## What you need to do
Your output should be exactly the lines from the one containing "#113 untuk Logo" through the last line of the listing, and nothing else. Pictures stay out.

## Dataset extract
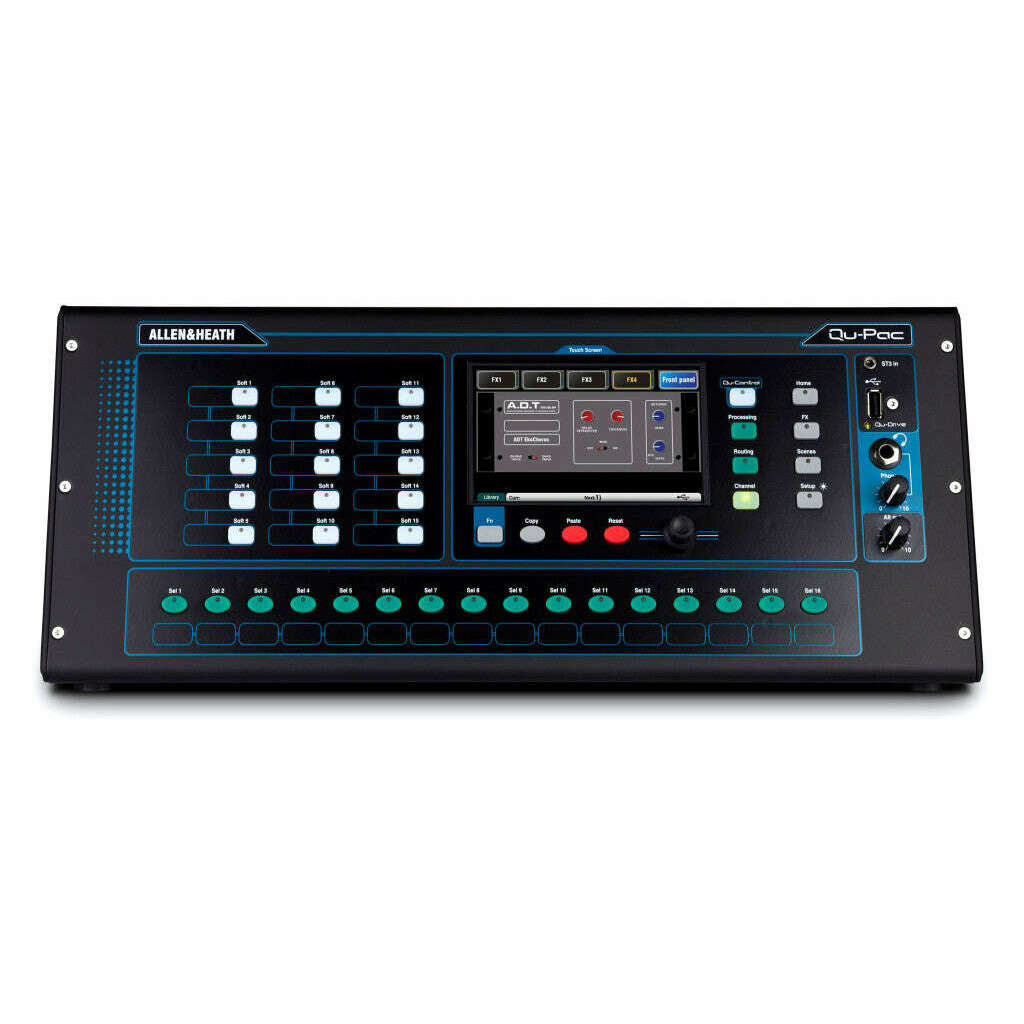 Allen & Heath Qu-Pac Portable Digital Rackmount Mixer w/ Case - Showroom Demo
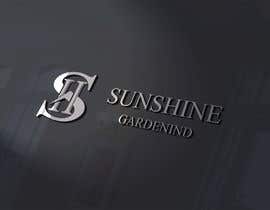 #113 untuk Logo for Sunshine Gardening Business oleh speedyaccademys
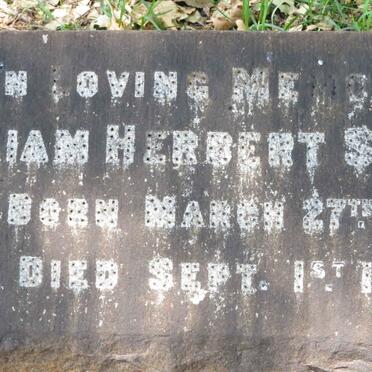 SIMMONS William Herbert 1904-1907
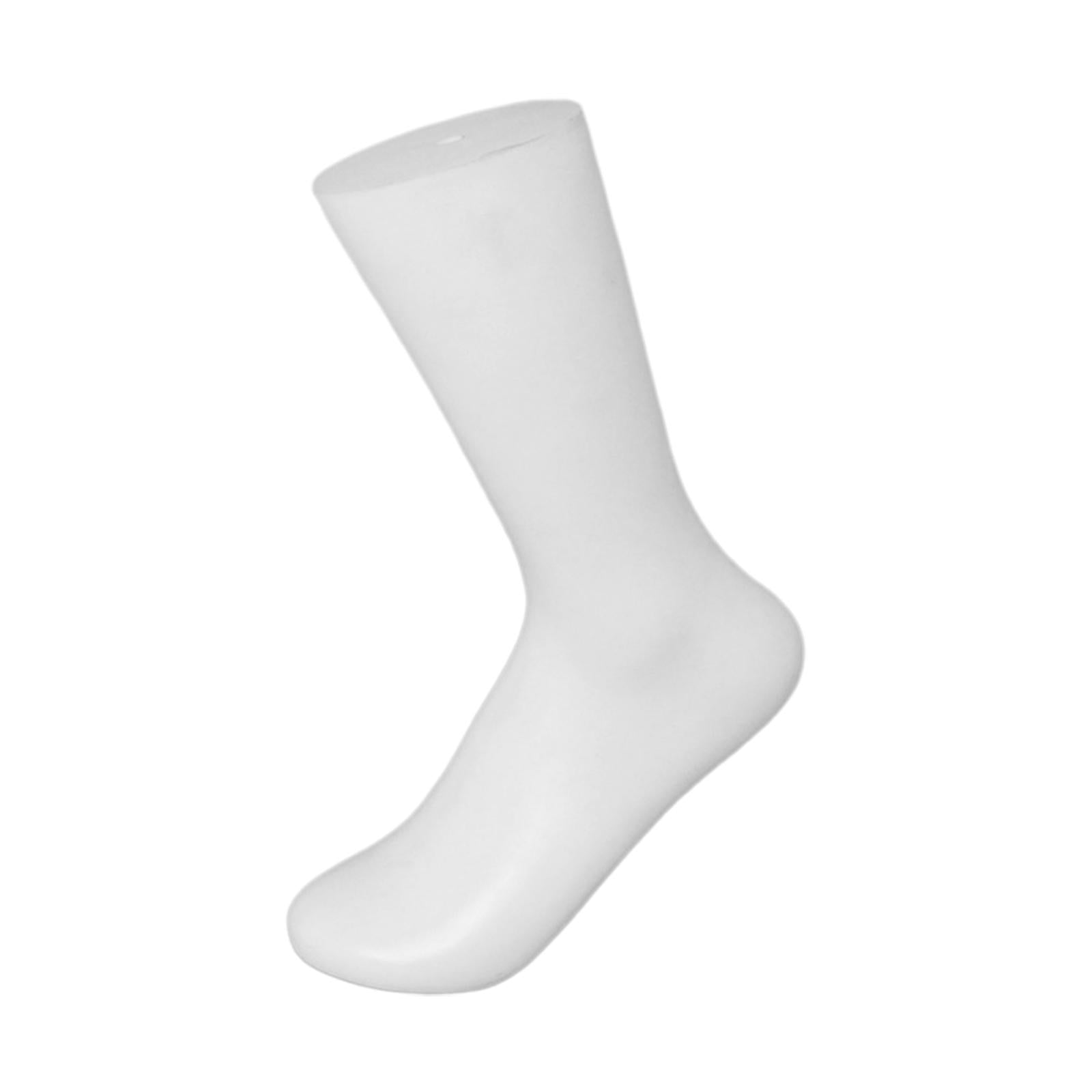 Sock Model Shoes Display Props Foot Sock Display Model for Shop Retail Shoes Women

## Solution to this task
 #113 untuk Logo for Sunshine Gardening Business oleh speedyaccademys
 SIMMONS William Herbert 1904-1907
 Sock Model Shoes Display Props Foot Sock Display Model for Shop Retail Shoes Women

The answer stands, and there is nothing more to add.